Hamp-Haines was reunited with her daughter at the center on Wednesday, three days after a huge tornado carved a path of destruction through the city of 50,000 people known as a waystation on historic "Route 66."
"That made it worth it, to see a family brought together," said Amie Houston, a Missouri State University student, who watched the reunion.
The meeting of mother and daughter was a welcome happy ending in a town where too many other stories have ended in shock and tears.
By Thursday, nearly 100 hours after the deadliest tornado in the United States in 64 years, officials were still trying to find 232 people unaccounted for. State officials criticized for problems with information made available to the public swept in new resources Thursday.
"We will keep a relentless focus on the search, rescue and identification of those 232 people, and we will not rest until everyone has been accounted for, and that number is zero," Governor Jay Nixon said.
Getting accurate information out of the six-mile-long scar left by Sunday's tornado has been a struggle. Cell phone service was spotty, landlines dropped and electric power remained cut for thousands across the city.
Local radio filled with callers hunting for friends and family. A Safe and Well list maintained by the Red Cross had more than 1,800 names registered and more than 79,000 searches by Thursday morning, spokesman Jim Rettew said.

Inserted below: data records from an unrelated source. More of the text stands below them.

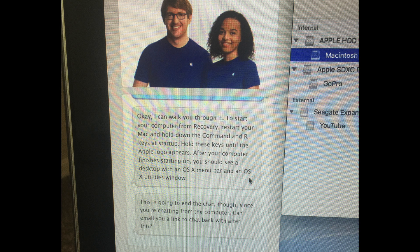So this is actually what the Apple support tech suggested. He said to restart my computer from recovery — restart my Mac and hold down the Command and R keys at startup. Hold these keys until the Apple logo appears. After that, the computer will finish starting up, then it will appear on my desktop with an OS X menu bar and an OS X Utilities window.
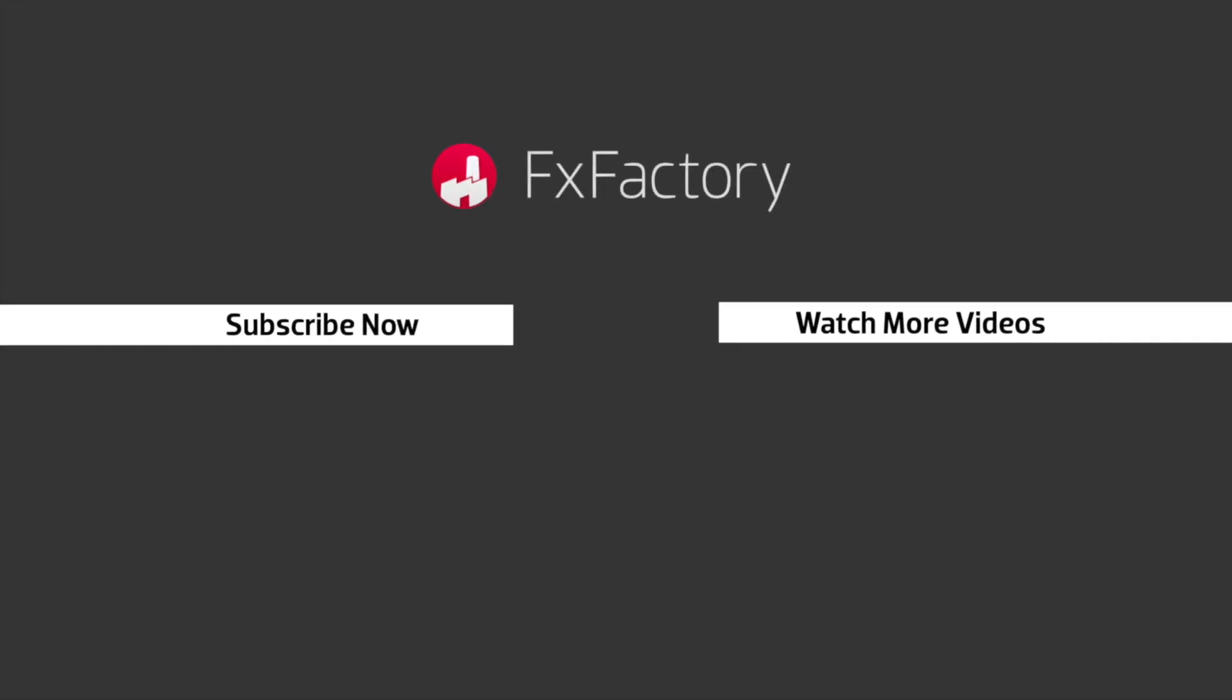FX Factory offers a huge selection of great effects, and if you don't have them yet, I suggest you go try them out at fxfactory.com. Subscribe to this channel for more great videos every week.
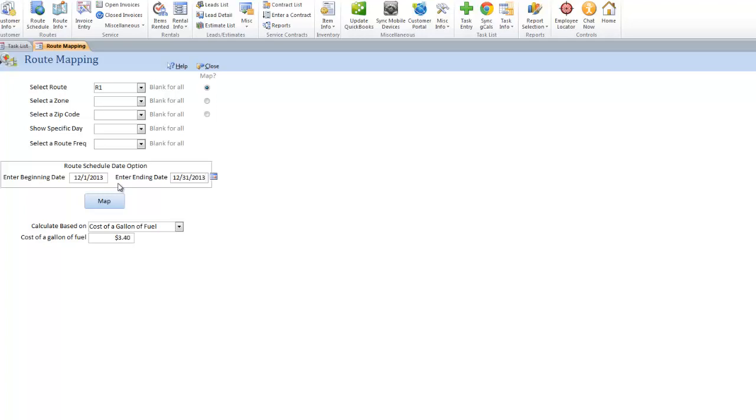If you have a lot of stops, it could take a couple minutes, depending on the number of stops and your computing power. A lot of companies will use this feature if they want to reorganize all their stops.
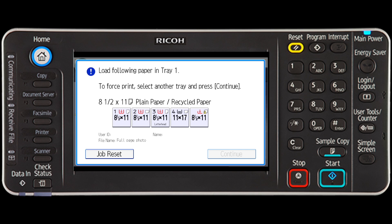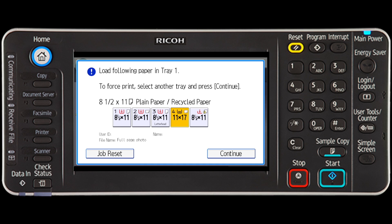To continue the print job, select the tray from the list displayed in the error message and press continue.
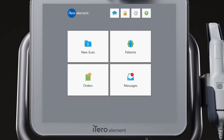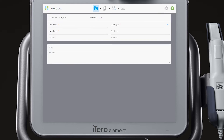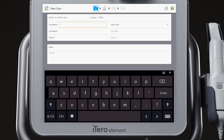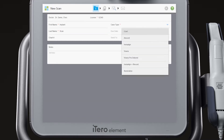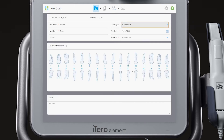To start, select New Scan from the home screen. Complete the required information in the Rx: patient's first and last name, case type, due date, and the lab the case will be sent to. The required items are identified by the red asterisk.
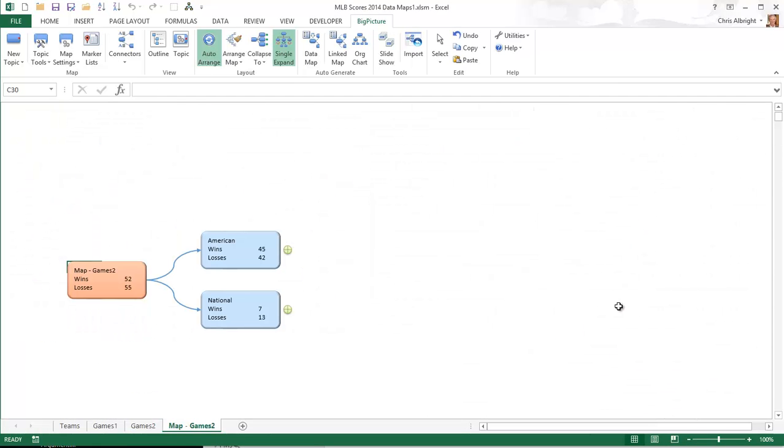Keep in mind that all of the numbers you see are results versus the Yankees. In particular, if I expand the American East division, there is no entry for the Yankees because they can't play themselves.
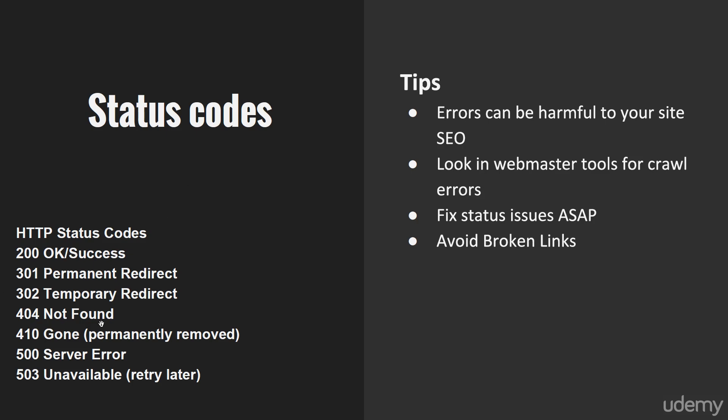A 500 is a server error, usually with your backend server if it's having issues rendering the code. You might see something like the 500 error. Errors can be harmful to your site SEO, so we've got the ability to look in webmaster tools for crawl errors.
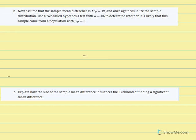For part b, now assume the sample mean difference equals 12 — up from 3. Visualize the sample distribution and use a two-tailed test with alpha 0.05 to determine whether it is likely that the sample came from a population with mu D equal to zero. The critical t has not changed because sample size and alpha level remain the same.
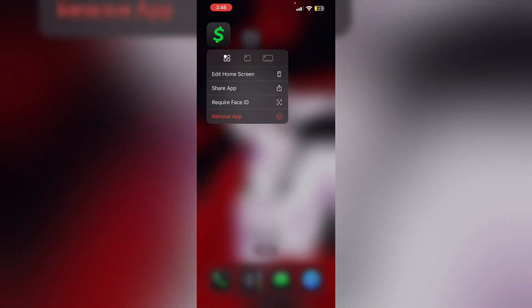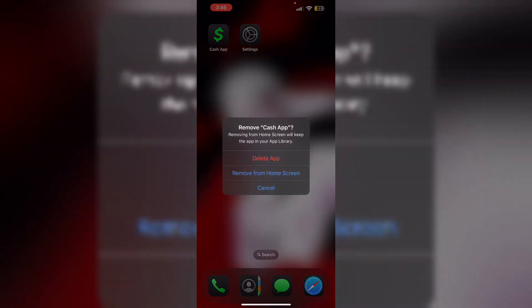Now to reinstall the app, long press the app and click on 'Remove App,' then select 'Delete App.' This will uninstall the app from your device. To reinstall it, go to the App Store.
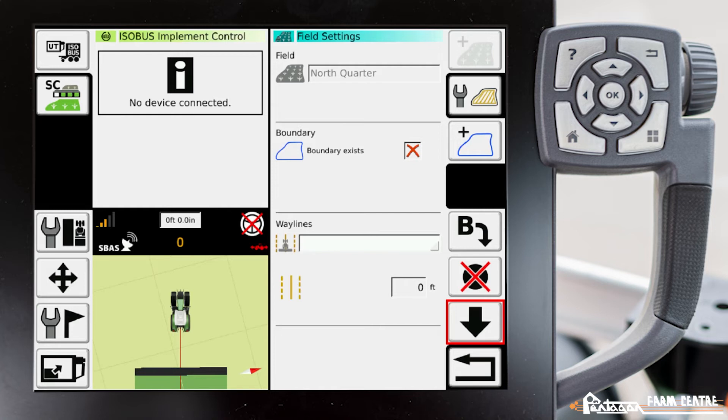So drive all the way to the end of the field and before you turn you have to set the B point.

Searchers hung five posters, including that of Hamp-Haines, on a glass case behind the Red Cross workers.
"One of the first questions we're asking is 'Have you notified your family? Do they know you're safe?'" Rettew said.
MISSING NUMBER PROBLEMS
Governor Nixon said Thursday the number of missing had fallen as stories like Hamp-Haines's came to light. He acknowledged the frustration and confusion over initial estimates of a staggering 1,500 missing reported for two days following the tornado.
As briefings continued for the media, the number of missing did not decline. Then on Wednesday, officials abruptly stopped giving out a figure at all.

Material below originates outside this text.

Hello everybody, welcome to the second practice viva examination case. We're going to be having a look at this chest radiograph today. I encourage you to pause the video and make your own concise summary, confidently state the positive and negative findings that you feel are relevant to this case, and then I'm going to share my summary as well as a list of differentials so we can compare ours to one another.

State officials directed 60 investigators starting on Wednesday to work around the clock to deliver Thursday's more accurate number, Nixon said.

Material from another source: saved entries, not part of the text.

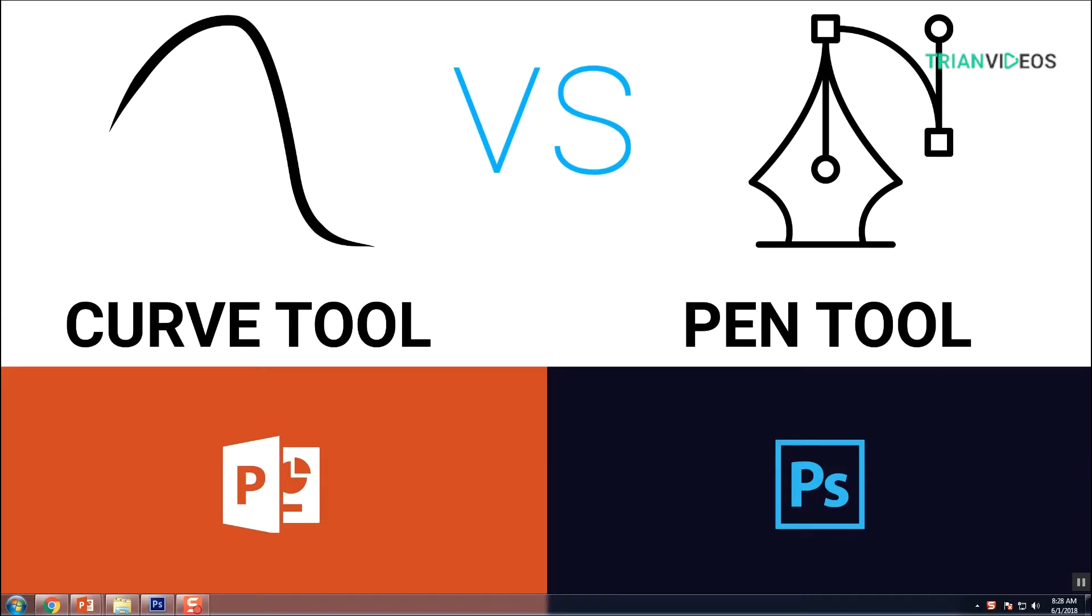Hi guys, today we discuss the curve tool and pen tool. Curve tool from PowerPoint and the pen tool from Photoshop.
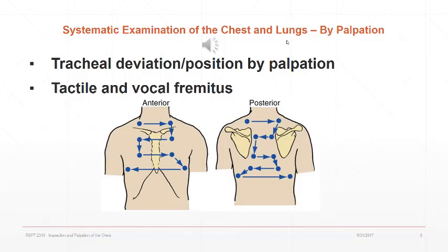Other findings from palpation include whether the patient feels febrile, areas of tenderness, and other abnormal findings. The authors suggest using the heel or ulnar side of the hand, the palms, or the fingertips when palpating the chest. We'll take up tactile and vocal fremitus in more detail on the next slide.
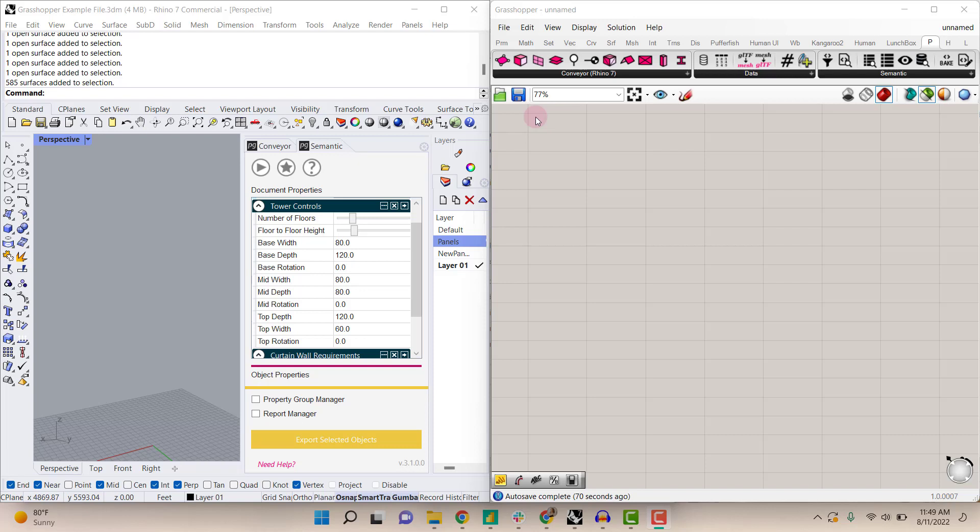In this tutorial, I'll show you how you can use Grasshopper to read reports that you've created in Semantic for Rhino.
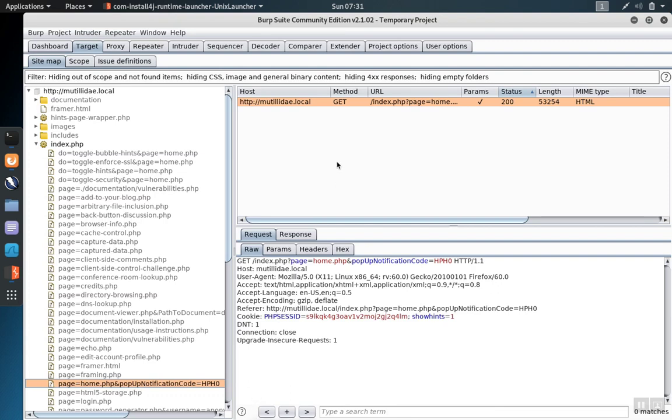Burp Suite can be extended with additional functionality by either creating or downloading add-ons that give Burp Suite extra capabilities or features.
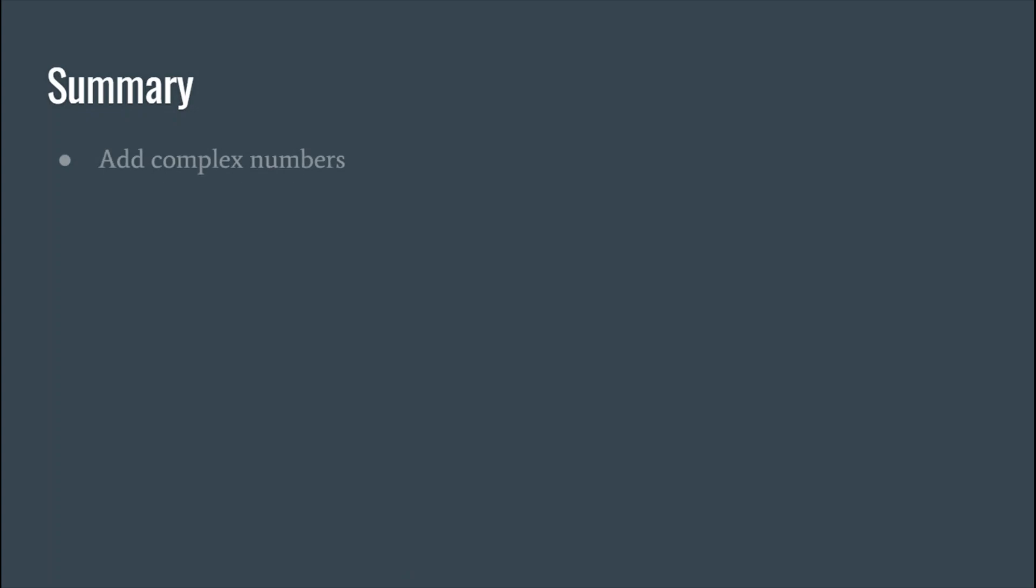All right guys, so adding and subtracting complex numbers is like adding and subtracting real numbers with the difference of that i that you saw. So just remember to treat i as a variable and you should be fine because all you're doing is combining the like terms. If you need to go back and look at any of those examples, feel free to rewind.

"We have absolutely no reason to hide anything from anybody," Nixon said.
Debbie Cummins, great-grandmother of 16-month-old Skyular Logdson, who was finally identified in a morgue on Wednesday, said she and others have tried for two days to verify with coronors' representatives that he has been located, as relatives of the boy's father have said.
"I want to know when there's going to be that next press conference because I want to ask 'where are our loved ones?'" Cummins said on Thursday. "I want to know this and not just for myself and our family. We can't get any answers."
Some of the remains recovered were in very poor condition, Nixon told reporters. Morgue workers, including a federal team, were working to ensure there were no incorrect identifications, he said.
"I don't know what you say to someone who was sitting at home eating dinner and heard the sirens and haven't seen their loved ones since," Nixon said.
The official death toll from the tornado had risen by one to 126 on Thursday, with the addition of Skyular. More than 900 were injured, according to government officials in Joplin. It was the eighth deadliest tornado in U.S. history.
Houston, the Red Cross shelter worker, was one of the lucky ones. She spent hours after the storm making phone calls and slowly locating her friends from school. Some of them managed a reunion at the shelter.
There wasn't a lot of talking," Houston said. "We didn't even need to say anything. It was the fact that we were all together."